Everyone fell into silence at once, and all the blood drained out of Hermione's face. She looked like she might break if she dared to twitch, stiff and gray like that time she'd been petrified. As nauseating as it was to see Hermione react like that, a part of him was glad that Ginny had the guts to say what he was thinking. Mum sent her to bed early, yelling to all that would hear about the dangerous power of words. And then, when she stopped yelling, she just looked old, like the faded parchment they got second-hand because they couldn't afford to buy it fresh.

Ron didn't see Harry at all that summer. It just wasn't the same without Harry there, and now that Ron had admitted to missing him, Harry's absence felt more real, something Ron couldn't get past. Mid-summer, Harry wrote to tell Ron that Dumbledore wanted him to stay with the Dreaded Dursleys, and never mentioned anything about visiting in the few letters he sent after that.

Harry didn't mention a whole lot in the letters, actually. There was nothing about Sirius in them, and nothing that would reveal how Harry was dealing with everything that had happened, unless he was seriously laughing it all off, like the letters implied. The humorous bent Harry used to describe how his summer was going was almost more disturbing than knowing Harry was miserable, and it left the rest up to Ron's imagination.

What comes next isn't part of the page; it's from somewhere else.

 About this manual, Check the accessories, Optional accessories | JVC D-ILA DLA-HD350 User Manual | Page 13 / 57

There was no way Harry wasn't hurting. The question was, how much?

Harry had often said that he wanted to live with Sirius one day. He'd worn his hunger on his face when he spoke of it, in the breadth of his flushed cheeks, his lips pressed into a thin line, like all his dreams might come true in this life Sirius had promised him. Harry was hungry for a home the way most teenage boys were hungry for girls, and Sirius was dead, nothing left of him to feed a skinny boy with scraggly hopes.

When he could, Ron grabbed a spot of time alone in his bedroom, and lay on his bed, staring at the ceiling. On it, he could read all the things that had happened the year before, and he would lie there for hours sometimes before he was interrupted, brooding about You- Know-Who, his latest argument with Hermione, Sirius, and Harry, always Harry. Closing his eyes, Ron would try to picture Harry as he'd last seen him, but the picture in his mind was fuzzy, just a hurt curve of shoulder and a mop of messy hair.

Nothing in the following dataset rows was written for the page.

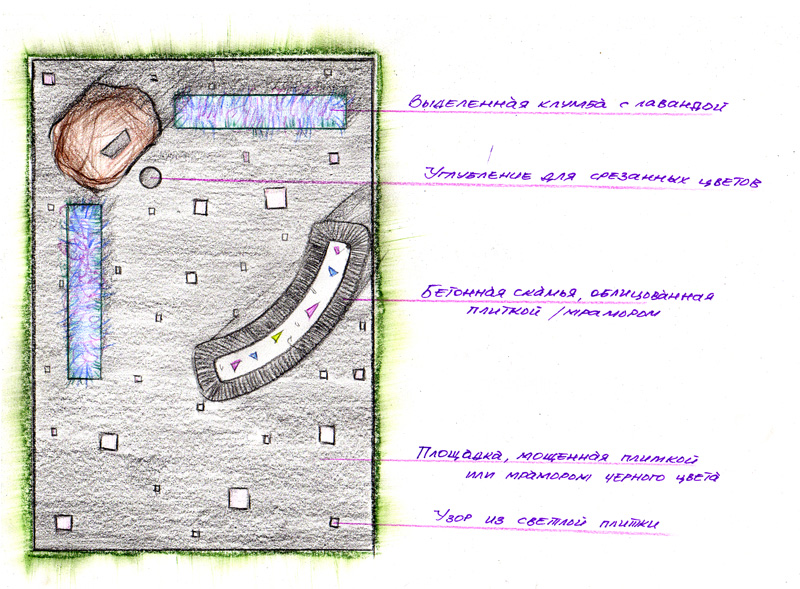 проект облагораживания мемориального памятника на трассе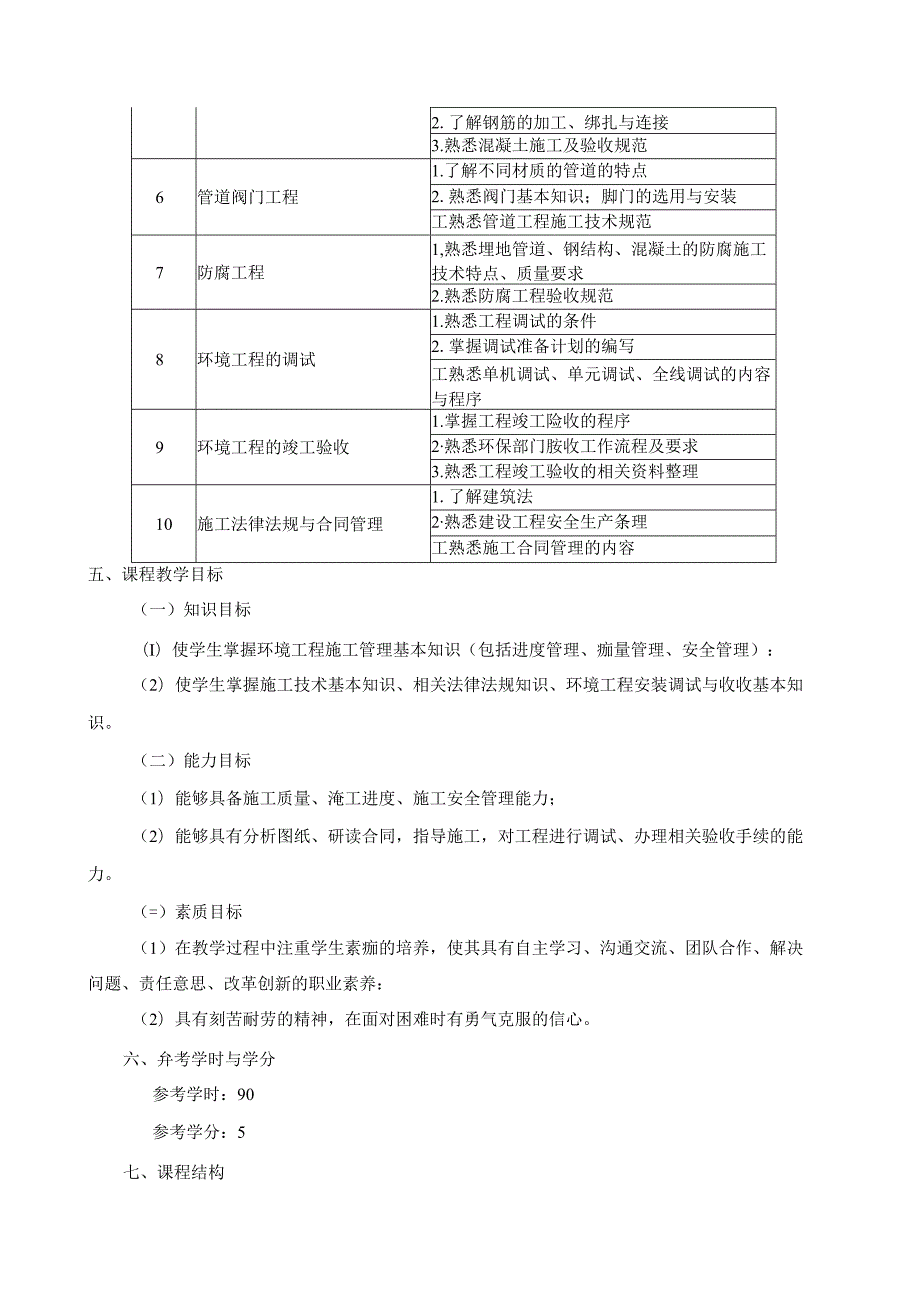 《环境工程施工》课程标准（中高职衔接-高职学段）.docx_第3页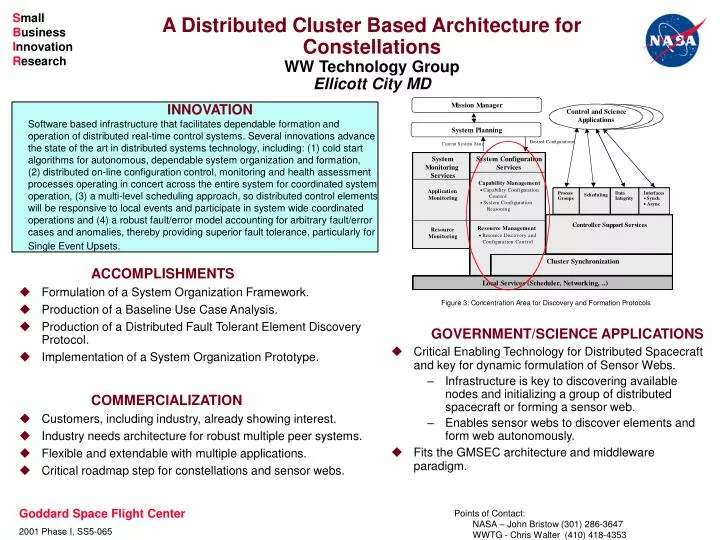 a distributed cluster based architecture for constellations ww technology group ellicott city md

It was hard remembering, letting himself remember.

Harry sitting by Ron's bedside while he recuperated from his newest battle wound, trying to look happy to be there, failing. Feeling like he was losing Harry's friendship. Like he hadn't been good enough, fast enough, *something* enough to deserve it. The achy disconnected sensation that had swamped him whenever Harry made a hasty exit from the hospital wing, because he couldn't get up and follow, he could barely *move*; he had pushed it down. He had shoved that feeling so far away he'd lost sight of it, forgotten it completely.

Often, as he lay there in his bed, the first memory that popped into his head was the way Harry's face had gone blank every time Ron so much as said, 'Si-', as if because he was dead, Sirius had never existed. Hardest to face, the memory of Harry walking away after Ron tried that final time to corner him, leaving Ron stuck in his shoes, unable to follow.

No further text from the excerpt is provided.